▶ [Dataset content]:
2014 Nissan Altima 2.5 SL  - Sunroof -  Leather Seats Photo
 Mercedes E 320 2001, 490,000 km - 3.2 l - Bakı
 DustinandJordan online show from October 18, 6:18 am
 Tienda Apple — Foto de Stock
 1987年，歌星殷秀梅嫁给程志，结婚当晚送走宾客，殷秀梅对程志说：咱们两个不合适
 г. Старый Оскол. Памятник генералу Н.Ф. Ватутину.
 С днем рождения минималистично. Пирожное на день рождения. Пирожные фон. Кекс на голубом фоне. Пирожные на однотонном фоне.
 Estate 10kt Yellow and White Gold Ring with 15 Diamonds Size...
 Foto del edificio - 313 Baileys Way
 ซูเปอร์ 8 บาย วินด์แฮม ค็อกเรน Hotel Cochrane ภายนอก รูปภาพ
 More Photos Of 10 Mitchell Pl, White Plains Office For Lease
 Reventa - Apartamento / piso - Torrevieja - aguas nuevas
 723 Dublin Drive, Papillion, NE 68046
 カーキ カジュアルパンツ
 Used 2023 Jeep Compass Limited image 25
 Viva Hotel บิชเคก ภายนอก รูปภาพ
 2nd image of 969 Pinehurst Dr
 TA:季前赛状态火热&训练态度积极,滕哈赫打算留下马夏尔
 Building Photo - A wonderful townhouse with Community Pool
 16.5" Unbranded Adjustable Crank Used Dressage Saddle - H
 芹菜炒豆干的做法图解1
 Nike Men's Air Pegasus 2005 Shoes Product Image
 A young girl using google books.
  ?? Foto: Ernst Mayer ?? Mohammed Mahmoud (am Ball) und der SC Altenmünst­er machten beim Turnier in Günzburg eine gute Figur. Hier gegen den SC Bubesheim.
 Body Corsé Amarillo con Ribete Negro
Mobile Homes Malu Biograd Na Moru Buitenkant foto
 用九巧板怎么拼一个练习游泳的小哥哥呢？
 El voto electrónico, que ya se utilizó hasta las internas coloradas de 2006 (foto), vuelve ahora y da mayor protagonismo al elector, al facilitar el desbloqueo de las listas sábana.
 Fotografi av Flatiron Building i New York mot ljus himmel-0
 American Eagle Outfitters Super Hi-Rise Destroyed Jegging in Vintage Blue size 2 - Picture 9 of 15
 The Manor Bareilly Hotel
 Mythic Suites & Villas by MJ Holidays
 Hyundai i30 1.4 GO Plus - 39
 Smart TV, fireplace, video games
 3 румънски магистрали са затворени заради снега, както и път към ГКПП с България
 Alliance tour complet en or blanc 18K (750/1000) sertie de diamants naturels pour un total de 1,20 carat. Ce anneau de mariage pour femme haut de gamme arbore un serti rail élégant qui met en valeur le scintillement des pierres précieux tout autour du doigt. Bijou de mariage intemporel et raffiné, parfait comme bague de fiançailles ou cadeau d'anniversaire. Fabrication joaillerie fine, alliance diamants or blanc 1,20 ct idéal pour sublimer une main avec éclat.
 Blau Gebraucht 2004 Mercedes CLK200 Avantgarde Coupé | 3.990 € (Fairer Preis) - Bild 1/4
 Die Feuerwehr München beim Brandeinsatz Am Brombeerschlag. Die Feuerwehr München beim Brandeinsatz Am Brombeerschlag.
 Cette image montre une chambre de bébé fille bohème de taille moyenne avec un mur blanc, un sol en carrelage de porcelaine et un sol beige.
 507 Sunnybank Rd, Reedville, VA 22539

▶ [Exercise instructions]: The entries above hold the needed span. Transcribe exactly the lines from the one with "Body Corsé Amarillo con Ribete Negro" to the one with "3 румънски магистрали", both included.

▶ [Exercise answer]:
 Body Corsé Amarillo con Ribete Negro
Mobile Homes Malu Biograd Na Moru Buitenkant foto
 用九巧板怎么拼一个练习游泳的小哥哥呢？
 El voto electrónico, que ya se utilizó hasta las internas coloradas de 2006 (foto), vuelve ahora y da mayor protagonismo al elector, al facilitar el desbloqueo de las listas sábana.
 Fotografi av Flatiron Building i New York mot ljus himmel-0
 American Eagle Outfitters Super Hi-Rise Destroyed Jegging in Vintage Blue size 2 - Picture 9 of 15
 The Manor Bareilly Hotel
 Mythic Suites & Villas by MJ Holidays
 Hyundai i30 1.4 GO Plus - 39
 Smart TV, fireplace, video games
 3 румънски магистрали са затворени заради снега, както и път към ГКПП с България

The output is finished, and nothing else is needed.